Yes you read it right, Jason has drawn a clear and unambiguous line as to where the buck stops!
Of-course how and when it will work and other formalities are not known to me but even to make that statement on a public forum read by millions says a lot about Jason and the philosophy and culture he abides by the Product and Company he founded at Basecamp. He said in 12 words but the impact is exponential, much more. Though he has mentioned that its more of an experiment for this year, I am eager to find out how it pans out and what were the outcomes of his decision.
Frankly, I really can’t think of anyone who has demonstrated this level of Accountability specially in the tech world. Yes there are accountability by law, for example in an Oil-drilling company if something goes wrong people are made (scapegoats included) accountable but those are more obligatory (and legally binding) than what Jason has made here which is 100% voluntary and no legal binding whatsoever.
This is the kind of accountability which if it flows at all ranks, the results can be monumental. And here are 5 reasons in my opinion—
- When you take or become accountable, you cease all power to blame anyone but also more importantly, you seize power to do the required changes. Someone else’s problem becomes your problem and its very empowering and liberating. In-fact there are posters in Facebook which says something on similar lines — “Nothing is some one else’s problem.”
- Whether you are an entrepreneur or having a job, things will go wrong. More than often trying to find solutions, we get into finding someone to blame. When there is clear accountability, a lot of blame game can be done away with. Yes it may happen that the person who actually did the wrong thing goes away without any blame and the person accountable gets all the blame..but then I have always believed in Karma. Also in essence being accountable or taking blame is not really to shield someone, not always, but its more to embrace that yes things have gone wrong and I will change it. Its a subtle mindset shift but it can make things much easier to deal with.

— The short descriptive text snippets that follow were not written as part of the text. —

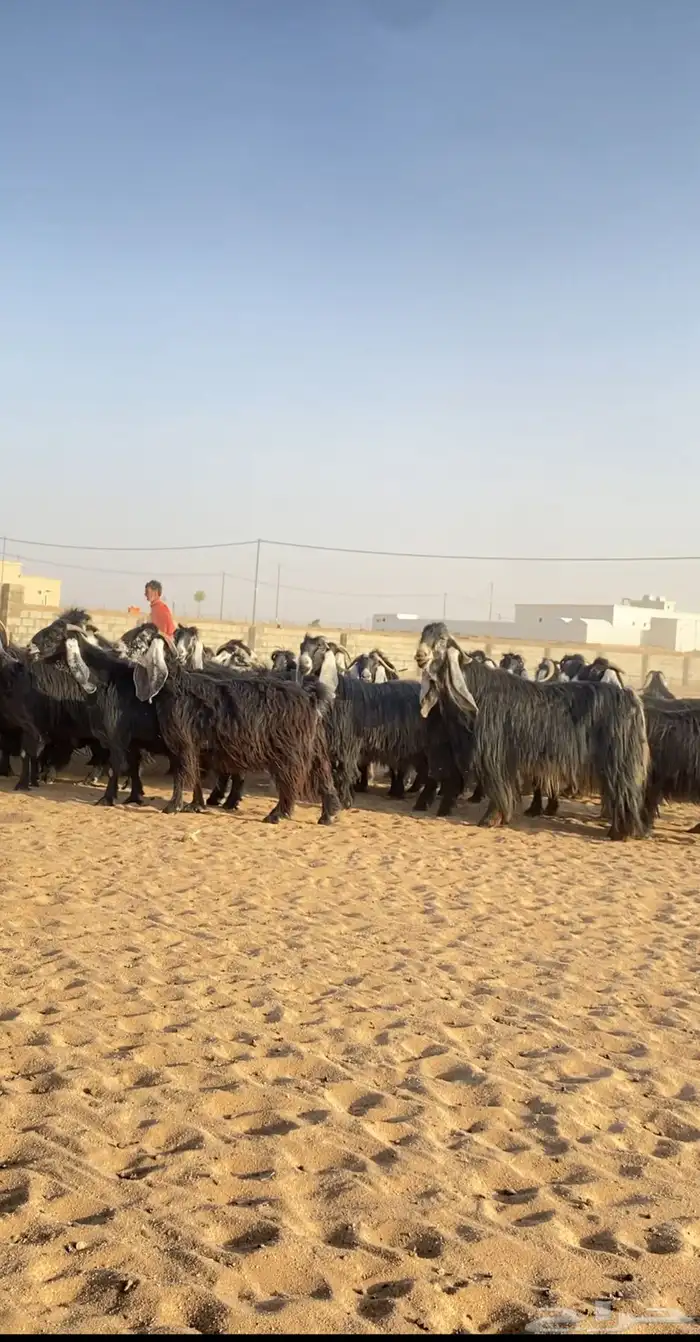 معزا عوارض صنف مراح 2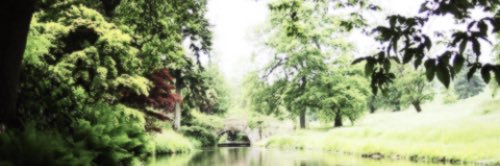 KylaG42's profile banner image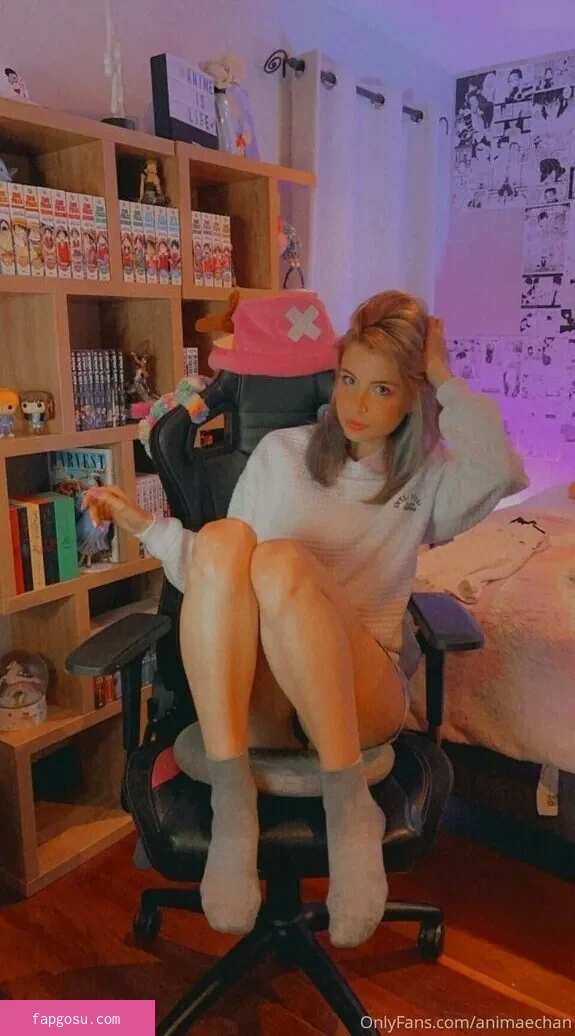 Animaechan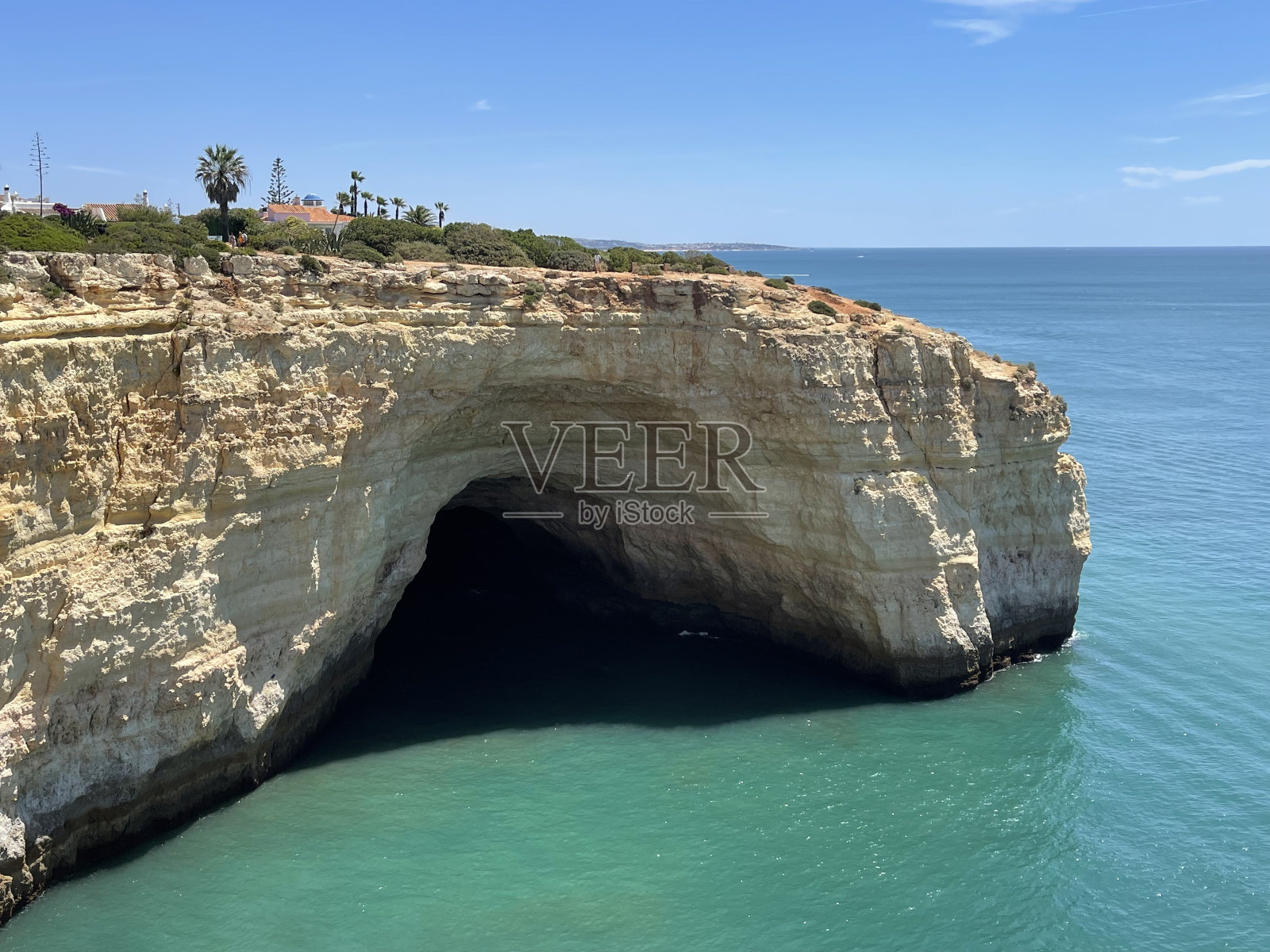 海熊照片摄影图片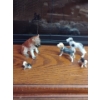 Image 1 : Dog Decor Collection 4T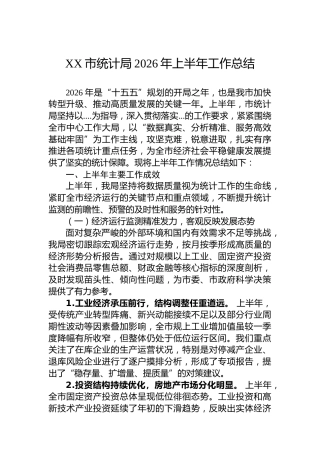 XX市统计局2026年上半年工作总结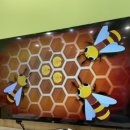 봄 | 꿀벌에 대해 알아보아요(벌집꾸미기) 이미지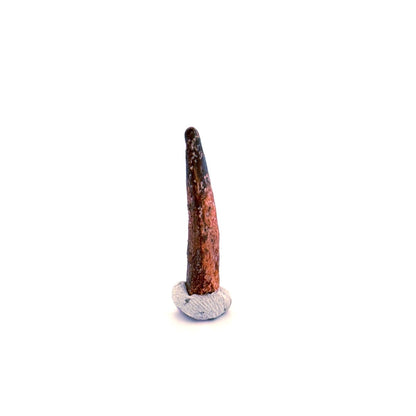 Pterosaur fossil tooth (1.07") - Late Cretaceous, Morocco - FossilsAndMore
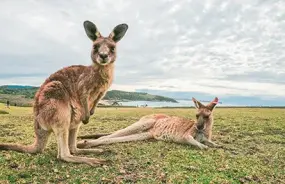 Coffs Harbour Kangaroos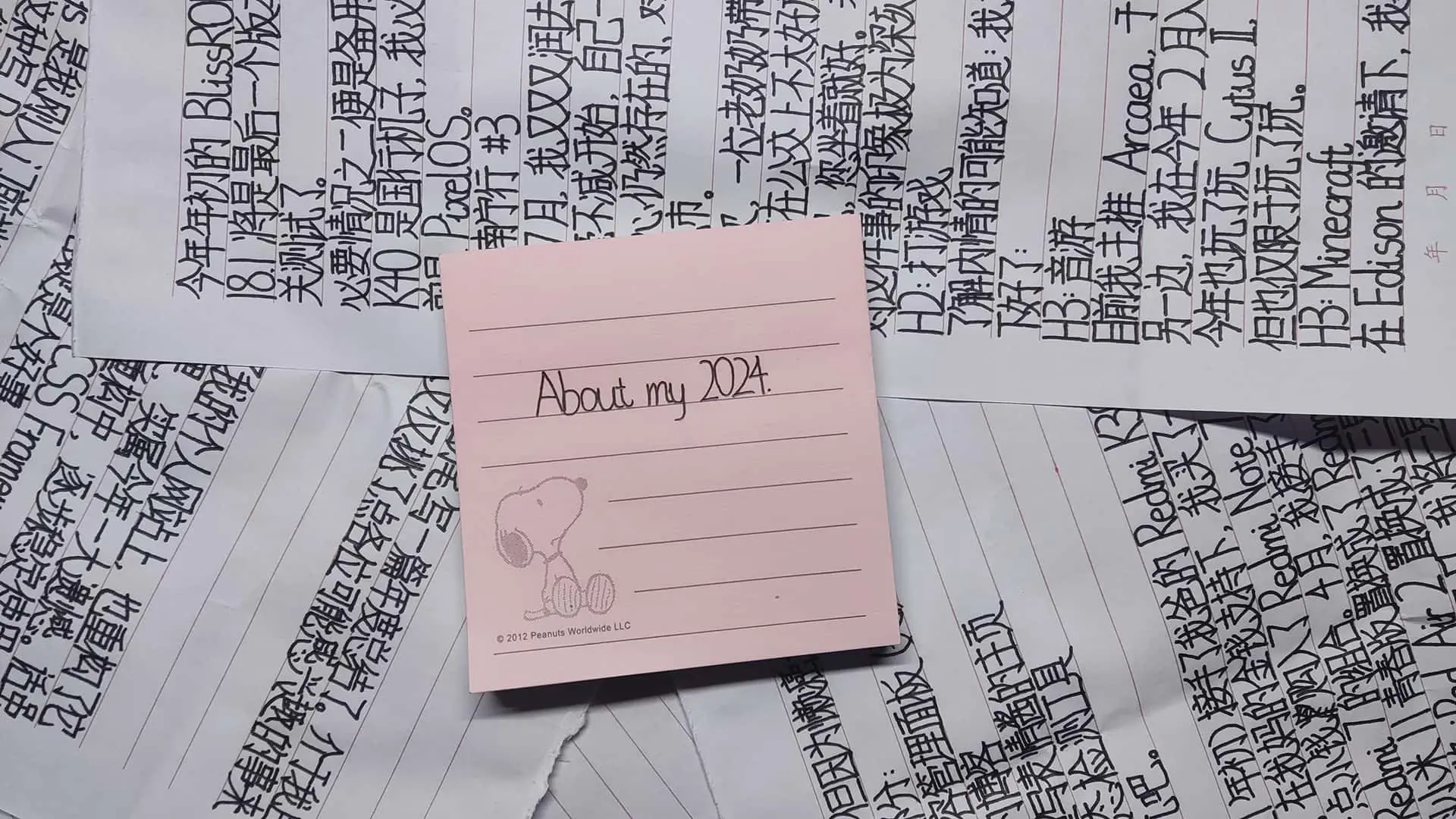 我的 2024 年度总结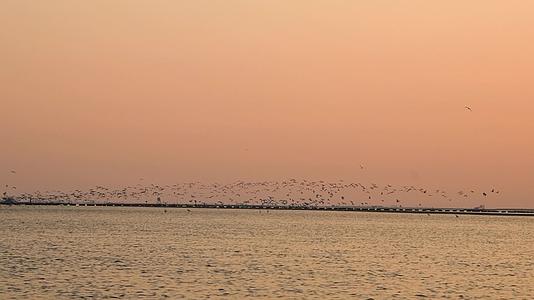 高清夕阳下鸟群沿海面飞行视频的预览图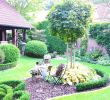 Garten Ideen Diy Elegant 28 Lovely Garden In Back Yard
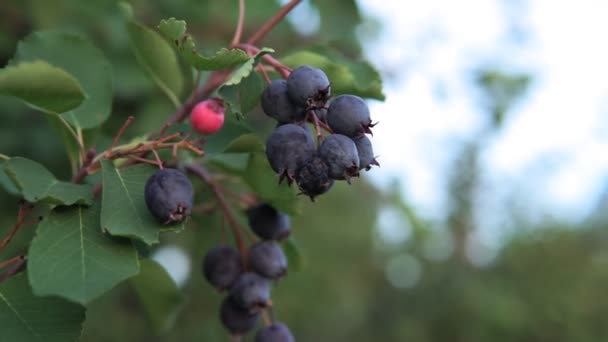 Dwarf Shadbush, Chuckley Armudu, veya Batı Juneberry, Kuzey Amerika 'ya özgü, yenilebilir böğürtlen benzeri meyveli bir çalılıktır. — Stok video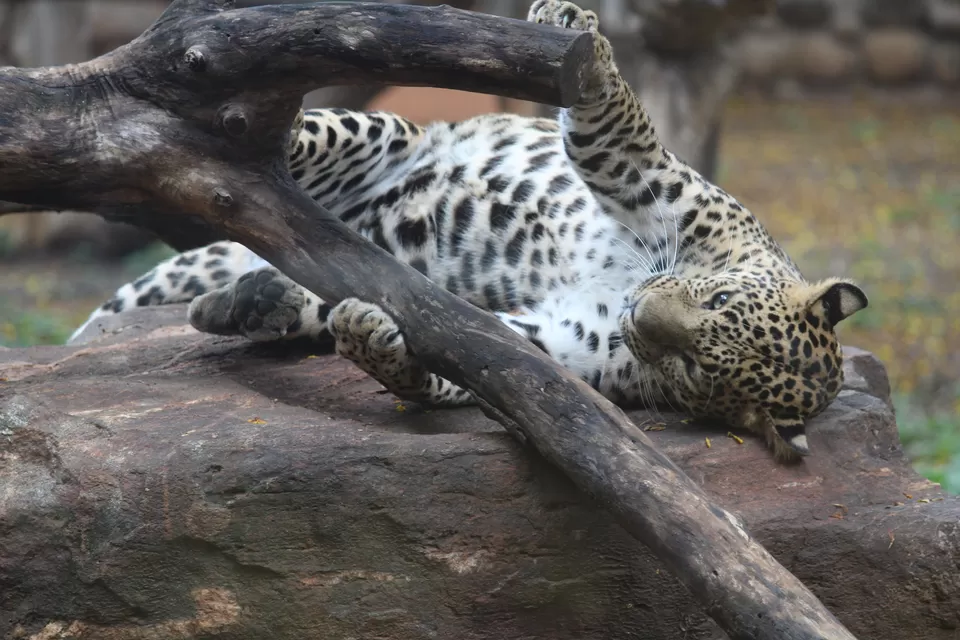 Photo of Mysore Zoo, Mysuru, Karnataka, India by Manmitha Deepthi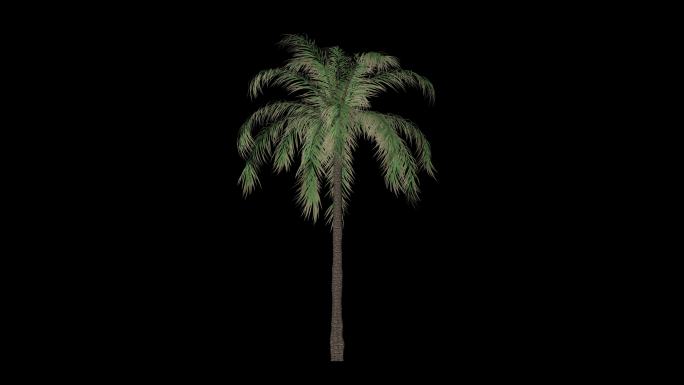 热带树木植物生长动画通道合成素材13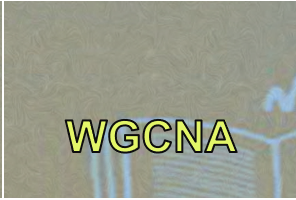 0d704e610dce0bdf60f7e922ec1f167c.webp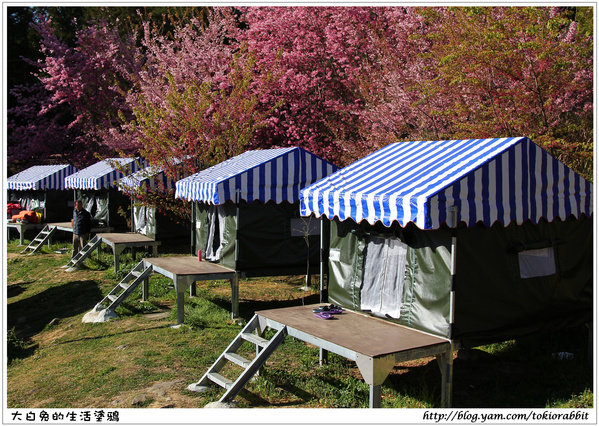 2013花記 武陵農場露營區 2013 02 18花況 驚 一起床就看到如此美景 輕旅行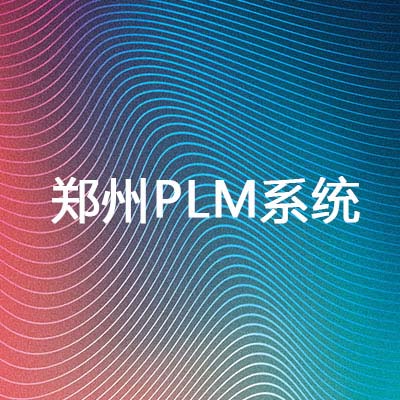 ֣PLMϵͳʵʩҪ_Ӧù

- When I make myself publicly accountable, every action, every decision is much more deliberate and thought through as I know that I have no one else to blame.
- It’s a sign of leadership. I follow Jason, his colleagues and his company posts on Medium and these are a bunch of leaders who have time and again shown and written about leadership at many levels. If, and I hope someday it happens, I was working with Jason, his way of leadership is something I would be deeply influenced by and affect how I tackle stuff on a day-to-day basis. By taking full accountability, Jason has indirectly reaffirmed his belief in his team. Bravo!
- It empowers people. Many a times I am fearful of making decisions or experimenting as I feel if things go wrong the axe will fall on me. But when I know that there is someone else accountable on my behalf, I feel empowered to do it and I will do it with much more thought and clarity. As some wise person one said, “It’s only in a calm ocean where the depth can be seen”. So when my mind is struggling or confused or in chaos, it’s unlikely I am at the peak of my performance and likelihood of making a wrong decision or a mistake increases.
To conclude, I thank you Jason for doing this. You have me inspired and without a doubt I will be more keen and open to demonstrate accountability as you have.